(Records excerpted from a collection)
※ ※ ※

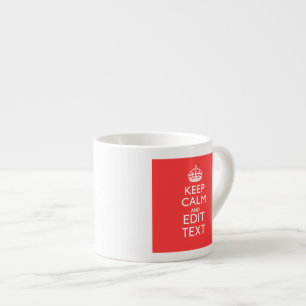 Taza De Espresso Personalizado MANTENGA LA CALMA su texto coral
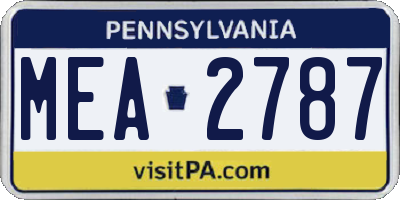 PA license plate MEA2787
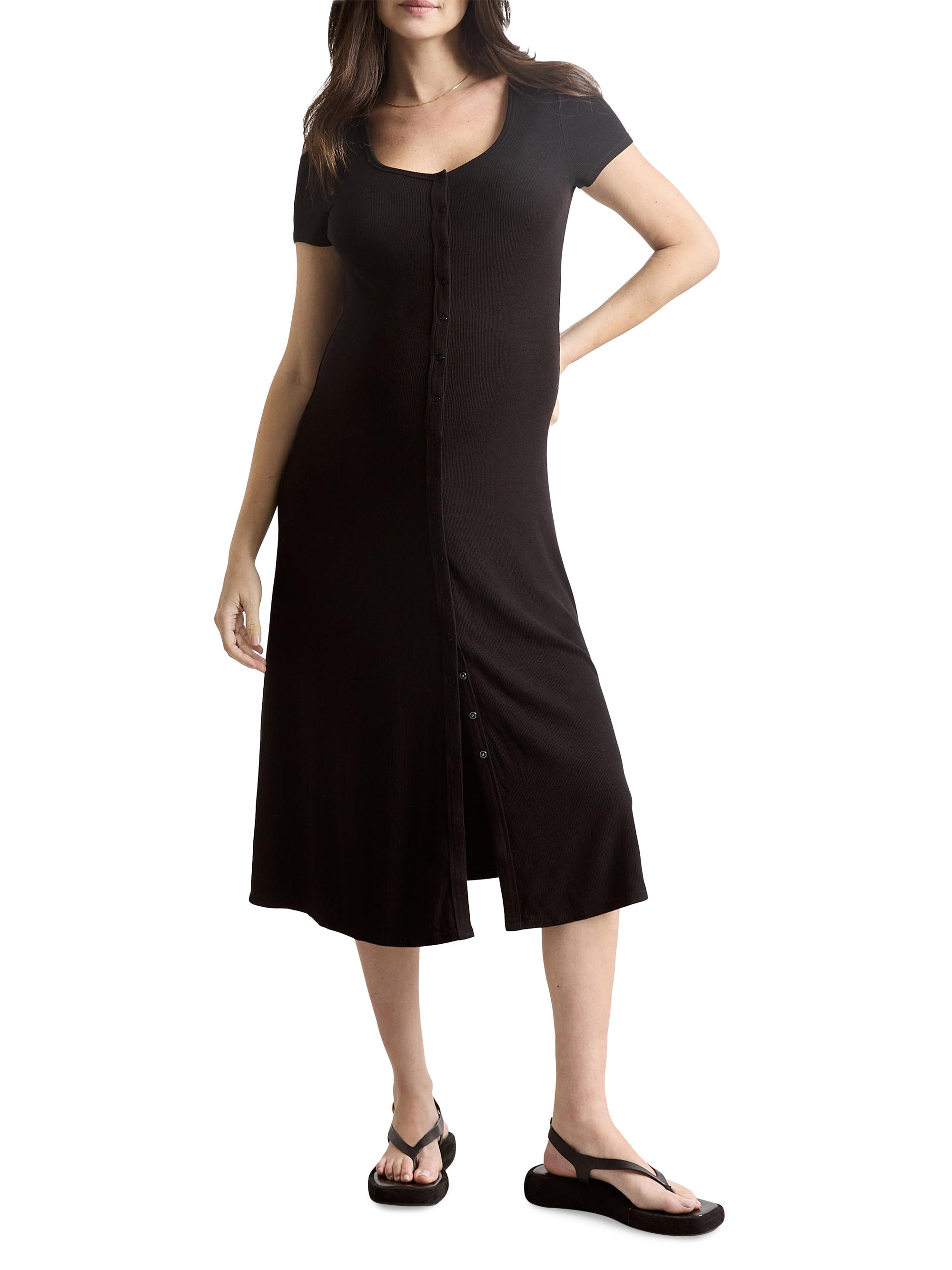 Hatch Women's The Softest Rib Maternity Nursing Midi Dress - Black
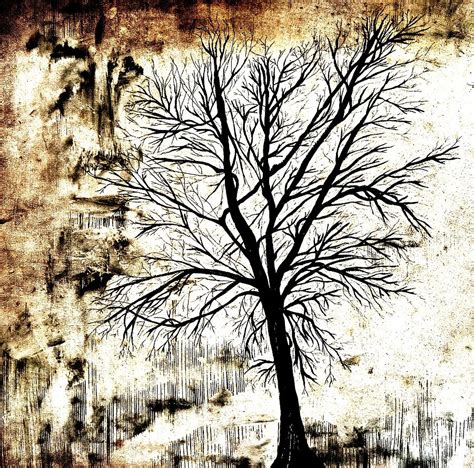 Black White And Sepia Tones Silhouette Tree Painting Painting By Laura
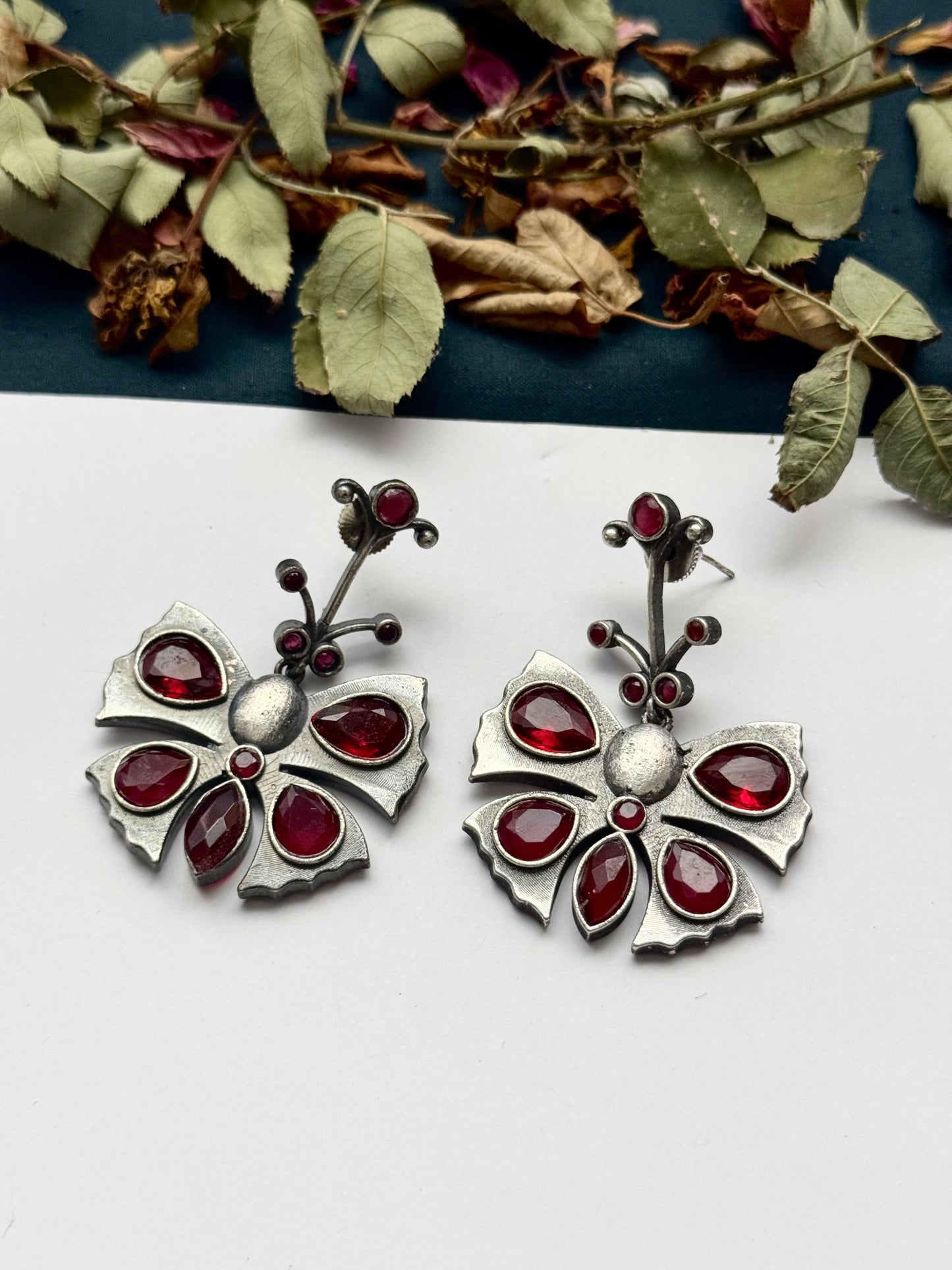 Premium Oxidised Brass Made Butterfly Earrings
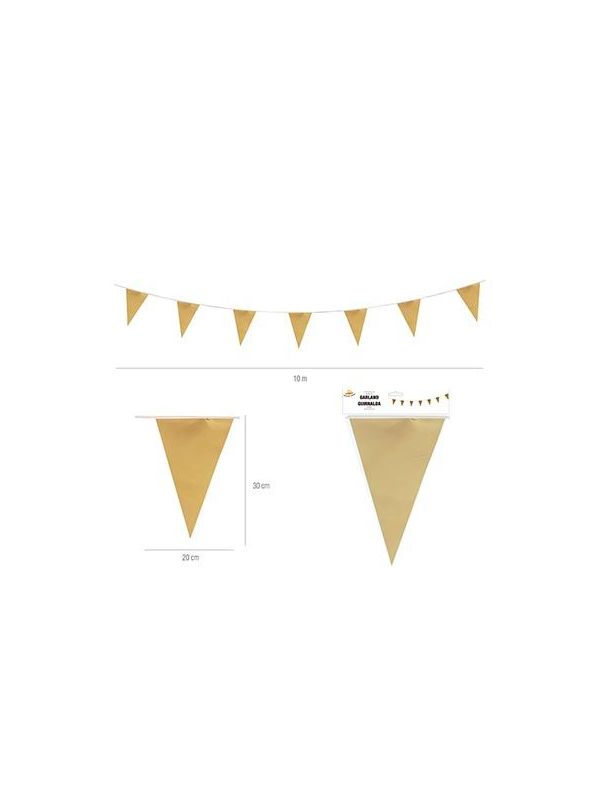Gouden vlaggetjes 10 meter 20 x 30 cm main product photo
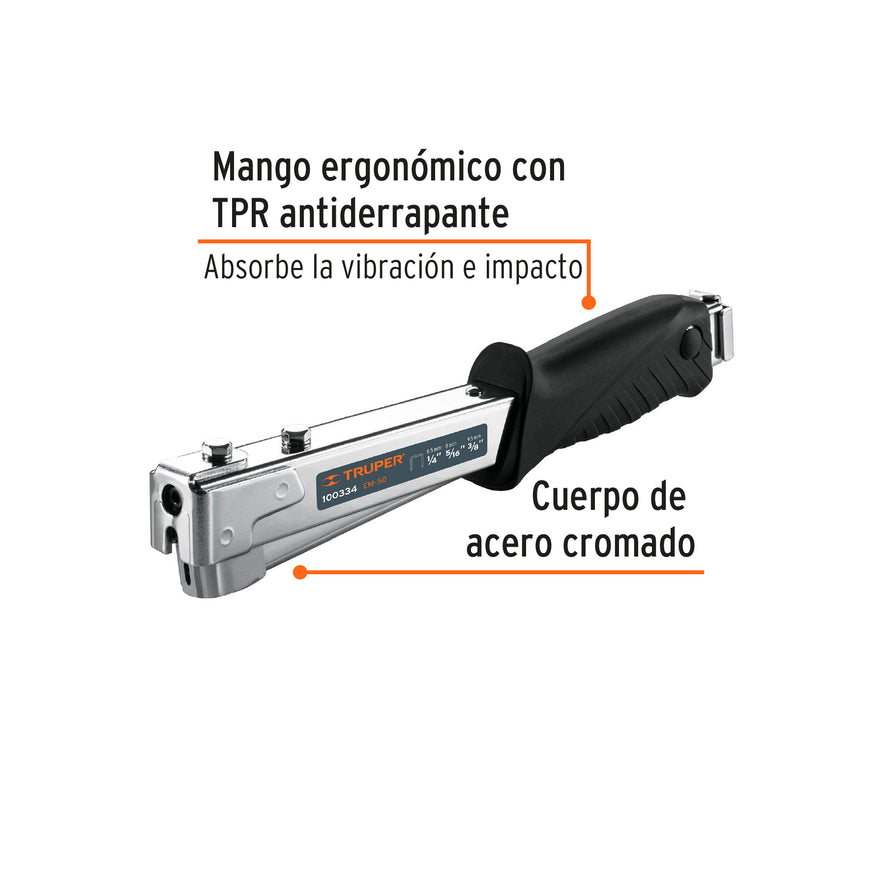 Engrapadora tipo martillo, uso rudo, Truper, 100334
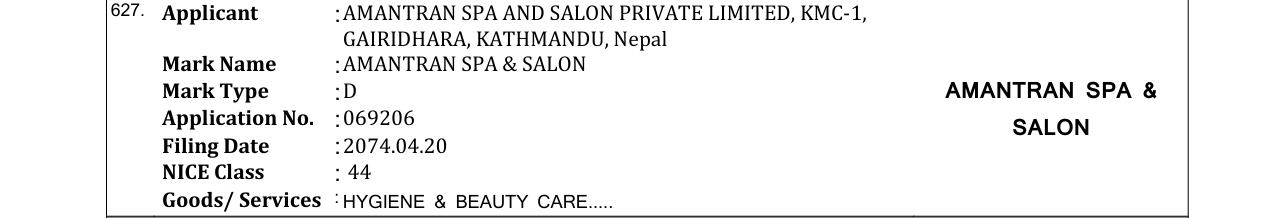 Original bulletin entry for AMANTRAN SPA & SALON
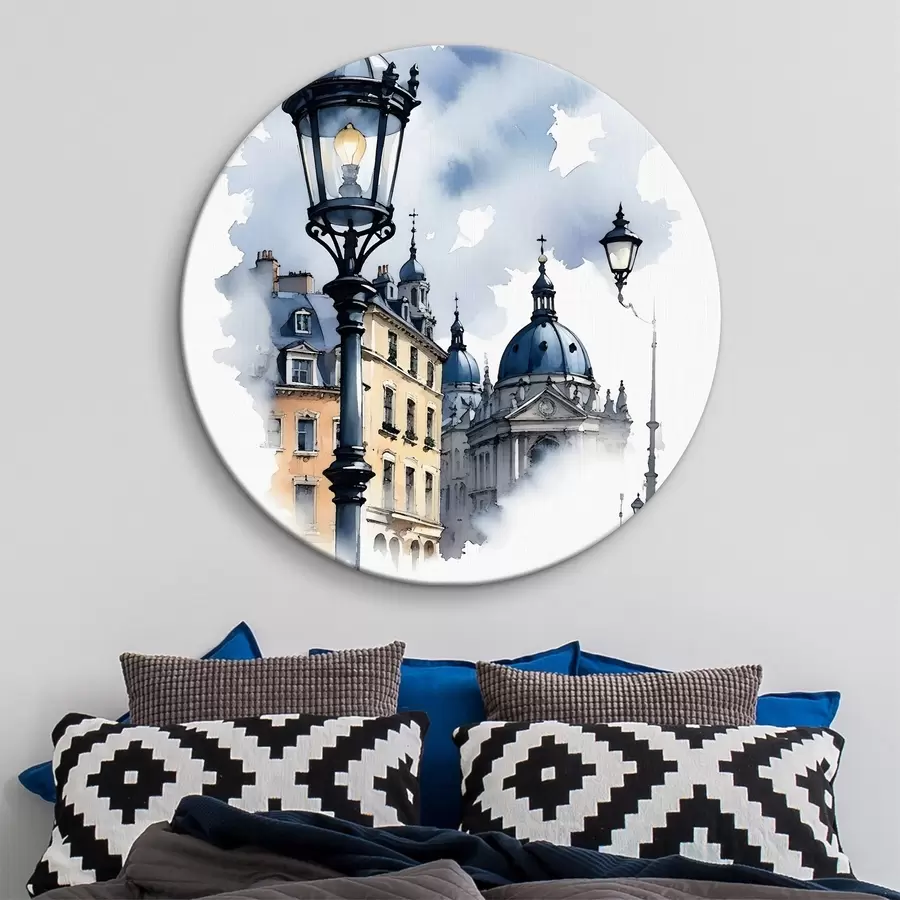  Schilderijen Een sierlijke straatlantaarn met een koepelvormig gebouw op een bewolkte dag r38364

※ ※ ※

Work order
These entries are to be printed again word for word, except for the pictures.

Result for this task
 Taza De Espresso Personalizado MANTENGA LA CALMA su texto coral
 PA license plate MEA2787
 Hatch Women's The Softest Rib Maternity Nursing Midi Dress - Black
 Black White And Sepia Tones Silhouette Tree Painting Painting By Laura
 Premium Oxidised Brass Made Butterfly Earrings
Gouden vlaggetjes 10 meter 20 x 30 cm main product photo
 Engrapadora tipo martillo, uso rudo, Truper, 100334
 Original bulletin entry for AMANTRAN SPA & SALON
  Schilderijen Een sierlijke straatlantaarn met een koepelvormig gebouw op een bewolkte dag r38364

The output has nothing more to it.